The PDS vdpa device can deal with a call to .set_vq_ready after DRIVER_OK is
set. And I'm told that our VQ activity should start without a kick.

Our vdpa device FW doesn't currently have support for VIRTIO_F_RING_RESET,
but I believe it could be added without too much trouble.

sln

OK it seems clear at least in the current version pds needs
VHOST_BACKEND_F_ENABLE_AFTER_DRIVER_OK.
However can we also code up the RING_RESET path as the default?
What's the rationale of making RING_RESET path the default? Noted this is on
a performance critical path (for live migration downtime), did we ever get
consensus from every or most hardware vendors that RING_RESET has lower cost
in terms of latency overall than ENABLE_AFTER_DRIVER_OK? I think (RING)RESET
in general falls on the slow path for hardware, while I assume either
RING_RESET or ENABLE_AFTER_DRIVER_OK doesn't matters much on software backed
vdpa e.g. vp_vdpa. Maybe should make ENABLE_AFTER_DRIVER_OK as the default?

-Siwei
Coming from the spec RING_RESET has clearer semantics.
Spec doesn't have clearer semantics on vdpa specifics - such as how does RING_RESET interoperate with ASID?
As long as we support it it is not critical which one
is the default though.
The point is vdpa vendor drivers may implement RING_RESET for a different purpose than live migration. In case they support both I don't see a reason why it has to fallback to a slower path given there's a faster path. May we should leave this to vendor driver to decide, but I am not sure.

-Siwei



Then down the road vendors can choose what to do.

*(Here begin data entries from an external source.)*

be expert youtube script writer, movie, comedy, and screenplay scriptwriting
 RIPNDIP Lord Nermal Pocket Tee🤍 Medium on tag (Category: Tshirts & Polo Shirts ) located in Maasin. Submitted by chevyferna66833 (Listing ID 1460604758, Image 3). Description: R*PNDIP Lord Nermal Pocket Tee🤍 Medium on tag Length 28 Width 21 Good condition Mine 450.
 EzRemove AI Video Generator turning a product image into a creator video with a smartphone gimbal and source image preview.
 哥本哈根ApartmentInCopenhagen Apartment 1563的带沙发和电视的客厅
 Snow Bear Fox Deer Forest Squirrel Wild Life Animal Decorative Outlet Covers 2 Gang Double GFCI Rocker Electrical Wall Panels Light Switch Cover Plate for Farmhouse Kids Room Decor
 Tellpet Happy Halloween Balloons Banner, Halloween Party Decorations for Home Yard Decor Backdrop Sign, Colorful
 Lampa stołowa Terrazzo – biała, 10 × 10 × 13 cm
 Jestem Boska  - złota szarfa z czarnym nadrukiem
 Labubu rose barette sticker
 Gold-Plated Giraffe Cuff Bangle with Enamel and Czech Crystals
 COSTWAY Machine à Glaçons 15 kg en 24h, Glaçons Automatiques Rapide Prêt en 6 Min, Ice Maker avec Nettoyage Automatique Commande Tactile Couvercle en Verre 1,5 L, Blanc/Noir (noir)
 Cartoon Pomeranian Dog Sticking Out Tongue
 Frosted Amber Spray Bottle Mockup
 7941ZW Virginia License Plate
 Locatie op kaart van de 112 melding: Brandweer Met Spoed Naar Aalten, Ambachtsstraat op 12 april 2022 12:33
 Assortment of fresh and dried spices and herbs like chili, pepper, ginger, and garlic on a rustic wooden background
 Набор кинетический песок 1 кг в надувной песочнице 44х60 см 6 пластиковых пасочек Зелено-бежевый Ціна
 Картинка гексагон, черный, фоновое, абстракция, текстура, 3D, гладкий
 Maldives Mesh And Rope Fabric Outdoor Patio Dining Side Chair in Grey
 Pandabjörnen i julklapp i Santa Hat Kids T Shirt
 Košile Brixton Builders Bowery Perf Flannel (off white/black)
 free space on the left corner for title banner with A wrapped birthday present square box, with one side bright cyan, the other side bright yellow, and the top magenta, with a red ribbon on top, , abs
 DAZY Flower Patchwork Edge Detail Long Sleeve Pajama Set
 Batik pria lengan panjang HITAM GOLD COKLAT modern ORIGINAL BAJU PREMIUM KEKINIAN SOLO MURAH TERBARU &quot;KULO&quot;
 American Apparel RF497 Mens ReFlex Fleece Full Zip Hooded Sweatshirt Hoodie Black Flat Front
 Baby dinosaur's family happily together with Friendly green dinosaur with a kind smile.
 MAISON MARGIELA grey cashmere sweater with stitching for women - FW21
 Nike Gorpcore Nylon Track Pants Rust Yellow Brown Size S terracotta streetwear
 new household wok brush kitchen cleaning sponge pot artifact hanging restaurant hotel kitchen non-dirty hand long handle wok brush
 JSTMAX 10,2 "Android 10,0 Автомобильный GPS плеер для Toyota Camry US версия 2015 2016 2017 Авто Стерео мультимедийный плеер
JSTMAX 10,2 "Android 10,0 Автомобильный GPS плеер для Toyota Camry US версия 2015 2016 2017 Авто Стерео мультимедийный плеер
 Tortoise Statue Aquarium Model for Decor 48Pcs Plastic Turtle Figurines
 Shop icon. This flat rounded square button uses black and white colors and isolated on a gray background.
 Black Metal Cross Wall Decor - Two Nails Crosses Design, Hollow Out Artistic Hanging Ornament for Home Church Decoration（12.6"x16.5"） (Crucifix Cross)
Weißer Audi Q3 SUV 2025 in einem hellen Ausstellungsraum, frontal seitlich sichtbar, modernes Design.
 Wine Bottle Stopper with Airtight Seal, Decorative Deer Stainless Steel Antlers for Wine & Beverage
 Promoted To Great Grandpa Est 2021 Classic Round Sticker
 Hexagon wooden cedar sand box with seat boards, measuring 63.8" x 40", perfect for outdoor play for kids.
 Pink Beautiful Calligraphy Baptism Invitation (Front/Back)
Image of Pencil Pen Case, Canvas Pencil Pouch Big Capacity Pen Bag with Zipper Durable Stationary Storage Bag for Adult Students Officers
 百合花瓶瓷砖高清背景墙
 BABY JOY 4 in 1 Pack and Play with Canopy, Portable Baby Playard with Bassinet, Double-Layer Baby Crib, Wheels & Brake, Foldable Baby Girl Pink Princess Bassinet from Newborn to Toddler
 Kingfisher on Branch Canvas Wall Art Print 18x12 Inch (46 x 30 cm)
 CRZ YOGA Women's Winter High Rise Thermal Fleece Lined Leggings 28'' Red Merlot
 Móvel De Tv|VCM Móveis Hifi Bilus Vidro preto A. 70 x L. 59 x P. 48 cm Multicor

Previous versions of the QEMU LM series did a spurious kick to start
traffic at the LM destination [1]. When it was proposed, that spurious
kick was removed from the series because to check for descriptors
after driver_ok, even without a kick, was considered work of the
parent driver.

I'm ok to go back to this spurious kick, but I'm not sure if the hw
will read the ring before the kick actually. I can ask.

Thanks!

[1] https://lists.nongnu.org/archive/html/qemu-devel/2023-01/msg02775.html
Let's find out. We need to check for ENABLE_AFTER_DRIVER_OK too, no?
My understanding is [1] assuming ACCESS_AFTER_KICK. This seems
sub-optimal than assuming ENABLE_AFTER_DRIVER_OK.

But this reminds me one thing, as the thread is going too long, I
wonder if we simply assume ENABLE_AFTER_DRIVER_OK if RING_RESET is
supported?

The problem with that is that the device needs to support all
RING_RESET, like to be able to change vq address etc after DRIVER_OK.
Not all HW support it.

We just need the subset of having the dataplane freezed until all CVQ
commands have been consumed. I'm sure current vDPA code already
supports it in some devices, like MLX and PSD.

Thanks!

Thanks


My plan was to convert
it in vp_vdpa if needed, and reuse the current vdpa ops. Sorry if I
was not explicit enough.

The only solution I can see to that is to trap & emulate in the vdpa
(parent?) driver, as talked in virtio-comment. But that complicates
the architecture:
* Offer VHOST_BACKEND_F_RING_ACCESS_AFTER_KICK
* Store vq enable state separately, at
vdpa->config->set_vq_ready(true), but not transmit that enable to hw
* Store the doorbell state separately, but do not configure it to the
device directly.

But how to recover if the device cannot configure them at kick time,
for example?

Maybe we can just fail if the parent driver does not support enabling
the vq after DRIVER_OK? That way no new feature flag is needed.

Thanks!

---
Sent with Fixes: tag pointing to git.kernel.org/pub/scm/linux/kernel/git/mst
commit. Please let me know if I should send a v3 of [1] instead.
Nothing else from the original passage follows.